All t-tests have the same structure:

1. define a **null hypothesis** $H_0$ about a mean (or mean difference)
2. compute a **t statistic** = (estimate − null value) / (estimated standard error)
3. use the **Student t distribution** to measure how “extreme” that statistic is

### Quick reference

| Test | What is the parameter? | Typical $H_0$ |
|---|---|---|
| One-sample | mean $\mu$ | $\mu = \mu_0$ |
| Paired | mean difference $\mu_d$ | $\mu_d = 0$ |
| Two-sample (Welch) | mean difference $\mu_1 - \mu_2$ | $\mu_1 - \mu_2 = 0$ |

**Rule of thumb**: for two independent groups, prefer **Welch’s t-test** (it does *not* assume equal variances).


## 3) Hypothesis testing vocabulary (and what it *actually* means)

- $H_0$ (**null**): the “no effect / no difference” statement you test.
- $H_1$ (**alternative**): what you’ll believe if the data are inconsistent with $H_0$.
- $\alpha$ (**significance level**): a chosen false-positive rate (often 0.05).
- **p-value**: under $H_0$, the probability of observing a test statistic **at least as extreme** as what you got.

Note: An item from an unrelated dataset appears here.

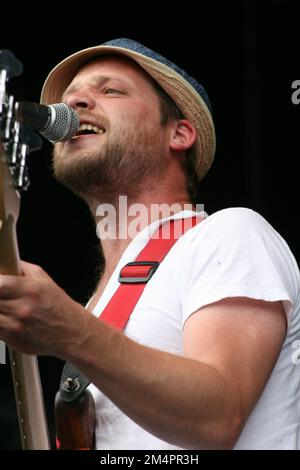 Dave Matthews Band Caravan - Dr Dog in concerto Foto Stock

Important interpretation points:

- A p-value is **not** “the probability $H_0$ is true”.
- A small p-value means the data are **unlikely under $H_0$**.
- A large p-value does **not** prove “no effect”; it may mean “not enough evidence”.

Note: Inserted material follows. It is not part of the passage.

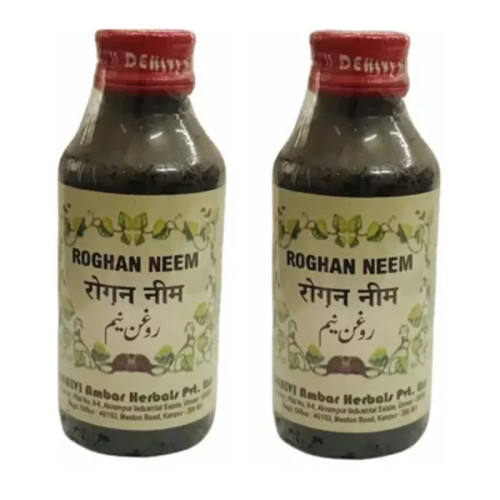 Dehlvi Roghan Neem (100ml, Pack of 2)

A good habit: always pair the p-value with a **confidence interval (CI)** and an **effect size**.


## 4) Why the t distribution appears

If the population standard deviation $\sigma$ were known, the standardized mean

$$
Z = \frac{\bar{X} - \mu_0}{\sigma / \sqrt{n}}
$$

would follow a standard normal distribution under $H_0$ (for normal data).

In reality, $\sigma$ is unknown, so we estimate it with the sample standard deviation $s$.
Replacing $\sigma$ with $s$ injects extra uncertainty, and the distribution becomes **heavier-tailed**.

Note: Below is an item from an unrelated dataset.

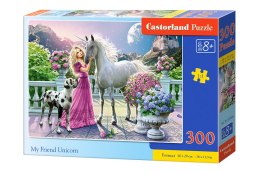 Puzzle 300el. Mój przyjaciel Unicor Castorland | B-030088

That heavier-tailed distribution is **Student’s t**, controlled by the **degrees of freedom** (df).

- small df → heavier tails (more uncertainty)
- large df → approaches Normal(0, 1)


In [None]:
# Student t density (no SciPy)

def t_pdf(t: np.ndarray, df: float) -> np.ndarray:
    t = np.asarray(t, dtype=float)
    df = float(df)

    # log form for numerical stability
    log_coeff = (
        math.lgamma((df + 1) / 2)
        - 0.5 * math.log(df * math.pi)
        - math.lgamma(df / 2)
    )
    return np.exp(log_coeff) * (1 + (t**2) / df) ** (-(df + 1) / 2)


x = np.linspace(-6, 6, 2000)

fig = go.Figure()
for df in [1, 2, 5, 10, 30, 100]:
    fig.add_trace(go.Scatter(x=x, y=t_pdf(x, df), mode="lines", name=f"t(df={df})"))

normal_pdf = (1 / np.sqrt(2 * np.pi)) * np.exp(-(x**2) / 2)
fig.add_trace(
    go.Scatter(
        x=x,
        y=normal_pdf,
        mode="lines",
        name="Normal(0,1)",
        line=dict(color="black", dash="dash"),
    )
)

fig.update_layout(
    title="Student's t distribution: heavier tails for small df",
    xaxis_title="t",
    yaxis_title="density",
)
fig

## 5) The one-sample t-test (the core idea)

Given observations $x_1, \dots, x_n$:

- sample mean: $\bar{x}$
- sample standard deviation:

$$
 s = \sqrt{\frac{1}{n-1} \sum_{i=1}^n (x_i - \bar{x})^2}
$$

The standard error (estimated std of the sample mean) is:

$$
\text{SE}(\bar{x}) = \frac{s}{\sqrt{n}}
$$

The t statistic for testing $H_0: \mu = \mu_0$ is:

$$
t = \frac{\bar{x} - \mu_0}{s / \sqrt{n}}
$$

Under $H_0$ (and normal data),

$$
t \sim t_{\text{df}=n-1}
$$

Interpretation: $t$ is “how many estimated standard errors away from $\mu_0$ the sample mean is”.


## 6) Implementation from scratch (NumPy-only)

We’ll implement:

- one-sample t-test
- two-sample t-test (pooled-variance and Welch)
- paired t-test (as a one-sample test on differences)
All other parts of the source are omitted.